Big data has become a buzzword and a "vague term", with entrepreneurs, consultants, scientists, and the media. Big data is a pretty straightforward adjective applied to large data sets that are so large and complex that traditional data-processing software applications are inadequate to deal with them.
Big data concepts initially referred to the obvious; volume, variety, and velocity. Here I choose to focus on a fourth that without question has been overlooked for so long and for so many reasons and on so many levels so it should be brought to the forefront and that is veracity.
Without veracity poor decisions are made, misleading expectations are unfulfilled, redundancy is rampant, bankruptcy is imminent, and 500 errors are unfixable.

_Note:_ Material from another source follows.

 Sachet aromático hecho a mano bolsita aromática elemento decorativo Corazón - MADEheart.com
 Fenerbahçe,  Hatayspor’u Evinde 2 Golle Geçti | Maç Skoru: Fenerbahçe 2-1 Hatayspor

Big data challenges include capturing data, storage, data analysis, search, sharing, transfer, visualization, querying, updating, information privacy and data source (integrity).
Veracity is cutting through the fat and getting to the muscle by culling down unnecessary data.
Information generation algorithms must detect and address invisible issues such as machine degradation, component wear, much like placing a tarp on a building structure to prevent rust.
Quantity vs. Quality
The growing maturity of the veracity concept more starkly delineates the difference between "big data" and "Business Intelligence”. The quality of captured data can vary greatly and if it is inaccurate it affects its ability to be analyzed. The size of the data determines the value and potential insight, and whether it can be considered big data or not.
Success is what we measure
Business Intelligence uses descriptive statistics with data with high information density to measure and detect trends aka analytics. Data is obviously meaningless if it is interpreted wrongly.
The size of the data determines the value and potential insight, and whether it can be considered big data or not. Nevertheless, Inflated data may work for Facebook (we all know what a catfish profile is), clueless Angel groups or VC firms that are unaware of pay for likes and social follows, but for any responsible organization that follows an actual P/L and keeps track of it... responsibly, should forecast that it would be a potential disaster.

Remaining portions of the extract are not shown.